In the highlighted portions of the discussion above, the prosecutor made
clear to the panel that it could rely on the testimony of a single witness to convict
only if it believed the witness beyond a reasonable doubt as to each element.
Although the prosecutor did not mention that the juror must believe the
hypothetical single witness beyond a reasonable doubt each and every time he
discussed the issue, it is clear that, when reviewing the discussion before the venire
17
as a whole, it was made clear to the jury that the testimony of only one person is
sufficient only if the juror believes that witnesses beyond a reasonable doubt as to
each element. See Lee, 206 S.W.3d at 624 (holding that we do not view individual
questions in isolation, but review entire venire discussion to determine whether
jury was adequately instructed on sole witness rule). As such, the trial court did
not err in concluding that the State’s commitment question was proper because it
sought to determine if there were jurors who would hold the State to a higher
burden of proof by requiring more than one witness, even though the juror believed
the testimony of the sole witness proved each element beyond a reasonable doubt.
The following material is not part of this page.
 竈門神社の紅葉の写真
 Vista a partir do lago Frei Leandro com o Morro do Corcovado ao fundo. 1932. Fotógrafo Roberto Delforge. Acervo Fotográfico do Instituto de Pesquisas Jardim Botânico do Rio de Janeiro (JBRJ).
See Castillo, 913 S.W.2d at 534.
We overrule point of error three.
LIMITATION OF CROSS EXAMINATION
In his fourth point of error, appellant contends that the trial court abused its
discretion when it refused to allow defense counsel to cross-examine Gonzales
about whether he was mad at appellant when he chased after him, which would
have revealed his bias against appellant.
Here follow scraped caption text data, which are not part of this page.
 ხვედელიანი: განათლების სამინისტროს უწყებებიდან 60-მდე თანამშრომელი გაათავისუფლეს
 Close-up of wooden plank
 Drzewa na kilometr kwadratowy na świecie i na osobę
I. Standard of Review and Applicable Law
We review a trial court’s decision to exclude evidence for an abuse of
discretion. Martinez v. State, 327 S.W.3d 727, 736 (Tex. Crim. App. 2010). A trial
court abuses its discretion only if its decision is “so clearly wrong as to lie outside
18
the zone within which reasonable people might disagree.” Taylor v. State, 268
S.W.3d 571, 579 (Tex. Crim. App. 2008). A trial court does not abuse its discretion
if any evidence supports its decision. See Osbourn v. State, 92 S.W.3d 531, 538
(Tex. Crim. App. 2002). We will uphold the trial court’s evidentiary ruling if it
was correct on any theory of law applicable to the case. See De La Paz v.
State, 279 S.W.3d 336, 344 (Tex. Crim. App. 2009).
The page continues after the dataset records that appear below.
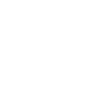 introvert
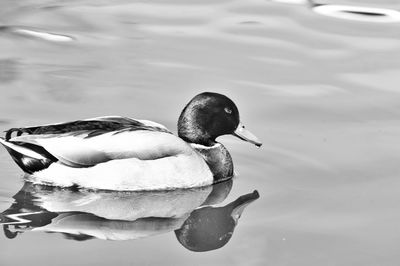 Close-up of swan swimming on lake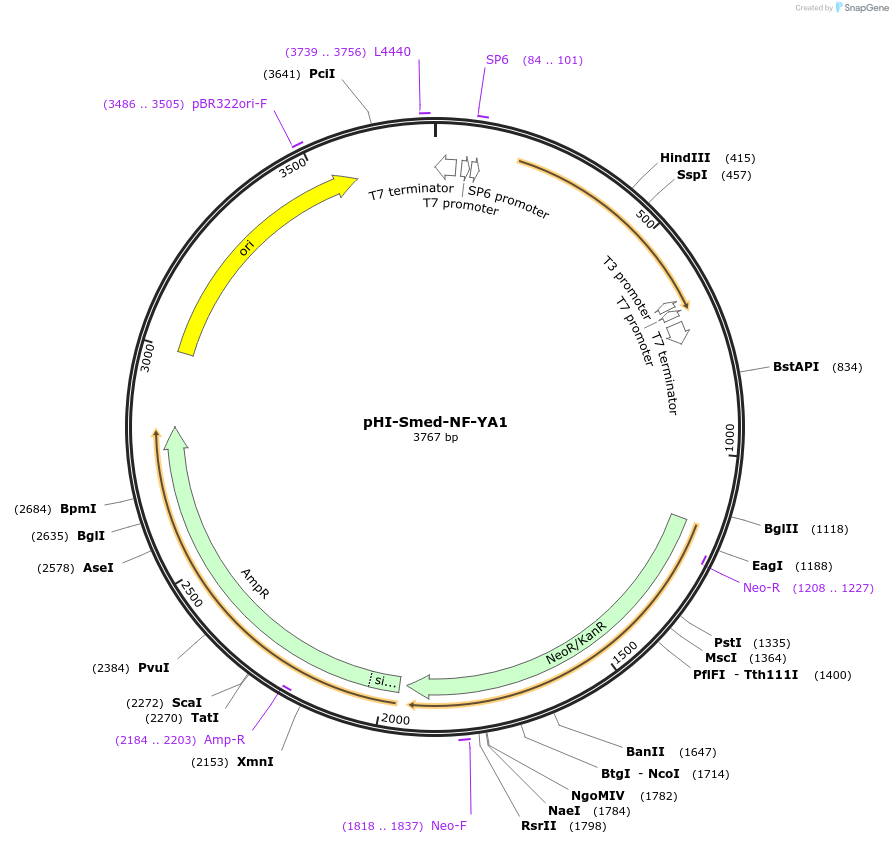 99755-plasmid-map-sequence-id-193939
The Sixth Amendment right to confront witnesses “includes the right to
cross-examine witnesses to attack their general credibility or to show their possible
bias, self-interest, or motives in testifying.” Hammer v. State, 296 S.W.3d 555, 561
(Tex. Crim. App. 2009). Generally, the Texas Rules of Evidence permit a
defendant to “cross-examine a witness for his purported bias, interest, and motive
without undue limitation or arbitrary prohibition.” Id. at 563; see also TEX. R.
EVID. 613(b) (providing for impeachment of witness by evidence of alleged bias or
interest in favor or against party); Billodeau v. State, 277 S.W.3d 34, 42–43 (Tex.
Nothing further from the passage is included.